Paul Shadura, Commercial Fishing Interest Groups
Mr. Shadura is the elected representative of the Cook Inlet Commercial Fishing organizations. He is a third generation Cook Inlet salmon, halibut, and herring fisherman and has fished set gillnet, seine, and longline, as well as tendering and buying. He is a past United Fishermen of Alaska vice president and board member; past president, vice president, and executive director of Kenai Peninsula Fishermen’s Association; and Finance Chair on Cook Inlet Aquaculture Association board. He owns PAS Services, a resource consulting business.
Molly McCammon, Municipality of Anchorage
Molly McCammon is the Executive Director of the Alaska Ocean Observing System, a coalition of government, academic and private partners working together to integrate ocean observations and provide better information for users of the ocean and ocean resources. She serves as the chair of the National Federation of Regional Associations for Coastal and Ocean Observing and is also a member of the Ocean Research Advisory panel which advises federal ocean research agencies. Prior to that, she served for nearly a decade as Executive Director of the Exxon Valdez Oil Spill Trustee Council, administering the billion-dollar restoration fund established as a result of a court settlement between the United States government and the state of Alaska and Exxon Corporation following the 1989 Exxon Valdez oil spill.
Rob Lindsey, City of Kodiak
Rob Lindsey was born in Kodiak several years prior to the 1964 earthquake and tidal wave.

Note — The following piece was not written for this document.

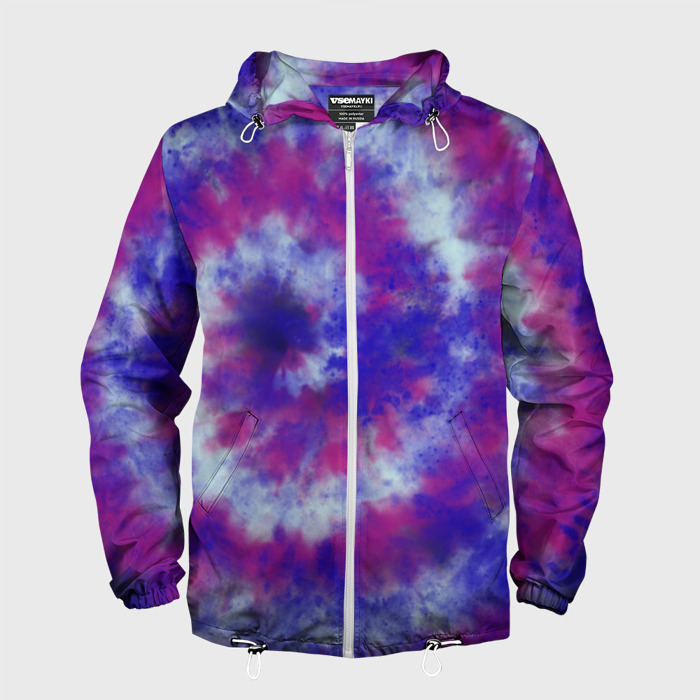 Мужская ветровка 3D Tie Dye дизайн фото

Commercial fishing was the source of income for his family and his first career for about 30 years in the waters around Kodiak, Shelikof Strait and the westward region.
A graduate of the Kodiak school system, he has enjoyed a wonderful life watching Kodiak and the whole state grow and still be seen as a pristine global treasure. The effects of the Exxon Valdez oil spill confirmed his belief that everyone is involved in the oil industry. Rob says it’s been a great honor to be a part of the Cook Inlet RCAC.
Grace Merkes, Kenai Peninsula Borough
Grace Merkes has been an Alaskan Resident for over 50 years. She homesteaded in Sterling and lives there with her husband, Leon Merkes. They have 8 adult children, 7 of whom still live in Alaska. Some of the government and non-profit organizations she has been involved with are: Alaska Municipal League, National and Local Republican Women’s Organization, Chair Person of the Alaska Human Rights Commission, Kenai Peninsula Brown Bear Task Force, the Kenai Peninsula Borough Assembly (2001-2009), Sterling/Ridgeway Fire Service Area Board, KPB Planning Commission, and a State House of Representatives candidate. Grace was appointed by the KPB Assembly to the Cook Inlet RCAC Board in 1998. Grace has seen the KPB grow from the days of the discovery of oil in the Swanson River area to what it is today, with the diversity of oil platforms, fishing industry, pipelines, refinery, LNG, Agrium, tourism, and so on. She currently sits on the Cook Inlet RCAC PROPS, Executive, and Audit Committees. Her goal on these committees and the Board is to weigh all issues fairly and represent all the people in a way that is in the best interests of the citizens of the Kenai Peninsula Borough, the Cook Inlet Environment and the oil industry.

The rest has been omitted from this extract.